*Task brief:* Copy the data below exactly, omitting any picture it contains.

*Data records:*

<<<<

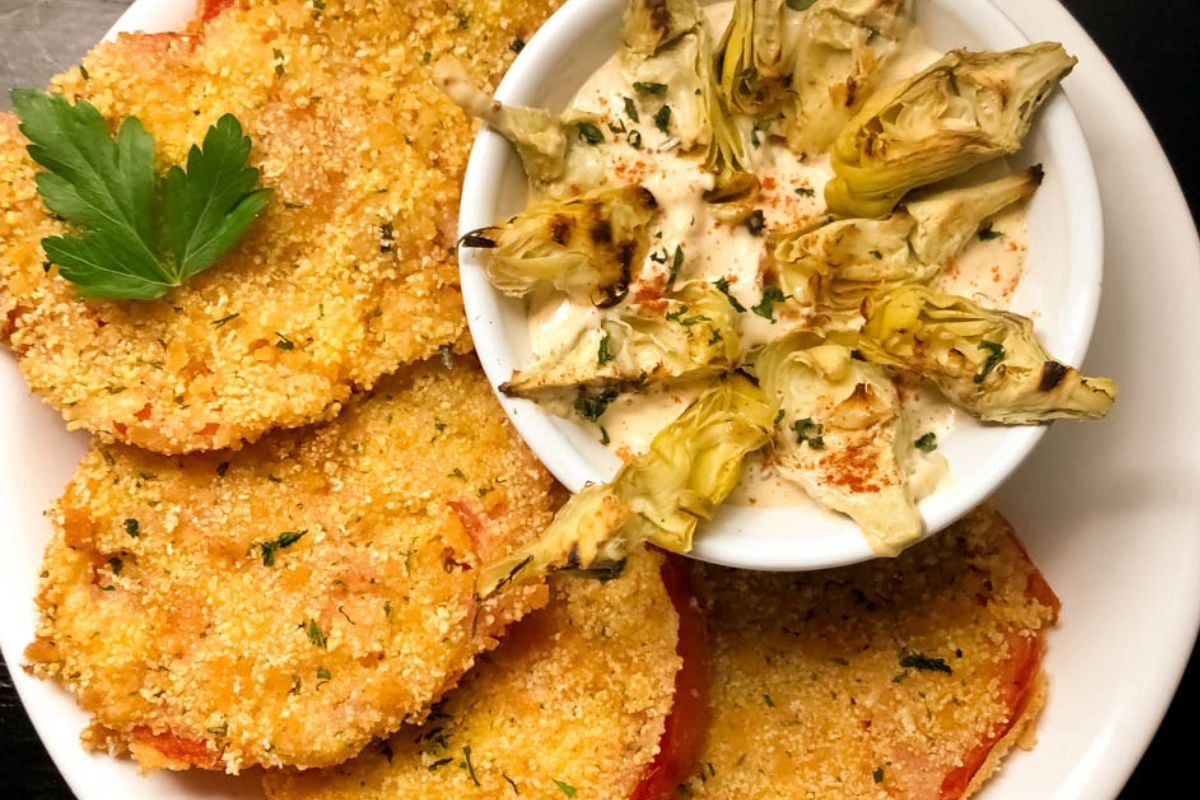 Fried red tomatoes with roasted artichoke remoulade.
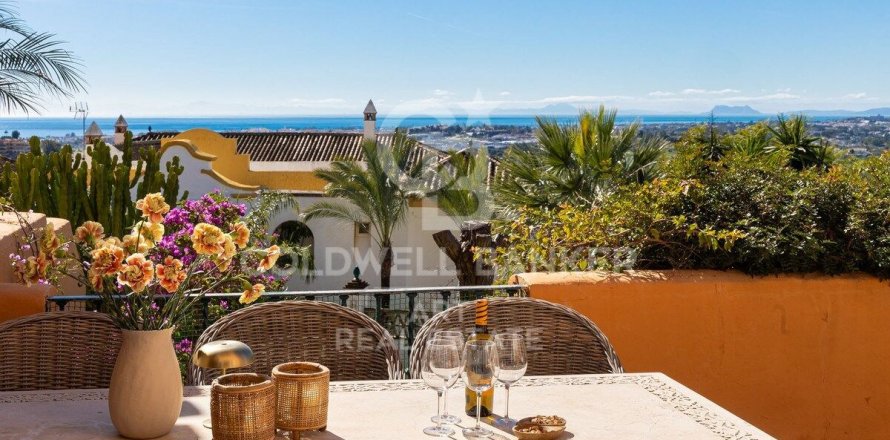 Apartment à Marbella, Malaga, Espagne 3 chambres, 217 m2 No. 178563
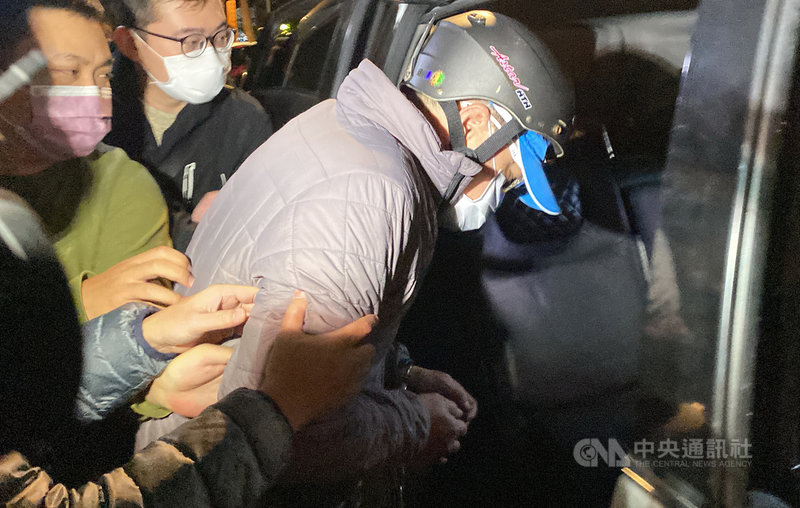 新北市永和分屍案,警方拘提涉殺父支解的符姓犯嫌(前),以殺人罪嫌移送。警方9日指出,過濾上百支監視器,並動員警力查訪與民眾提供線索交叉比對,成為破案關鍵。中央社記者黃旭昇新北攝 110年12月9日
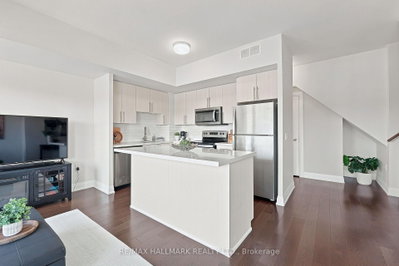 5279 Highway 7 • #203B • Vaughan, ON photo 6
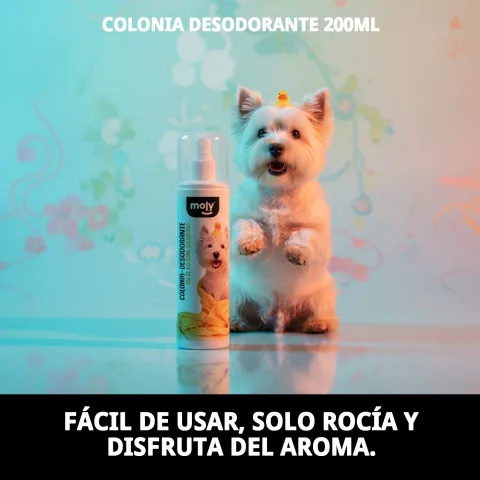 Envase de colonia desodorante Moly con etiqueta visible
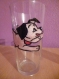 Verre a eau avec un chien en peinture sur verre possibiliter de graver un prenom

>>>>

*Worked solution:*
 Fried red tomatoes with roasted artichoke remoulade.
 Apartment à Marbella, Malaga, Espagne 3 chambres, 217 m2 No. 178563
 新北市永和分屍案,警方拘提涉殺父支解的符姓犯嫌(前),以殺人罪嫌移送。警方9日指出,過濾上百支監視器,並動員警力查訪與民眾提供線索交叉比對,成為破案關鍵。中央社記者黃旭昇新北攝 110年12月9日
 5279 Highway 7 • #203B • Vaughan, ON photo 6
 Envase de colonia desodorante Moly con etiqueta visible
 Verre a eau avec un chien en peinture sur verre possibiliter de graver un prenom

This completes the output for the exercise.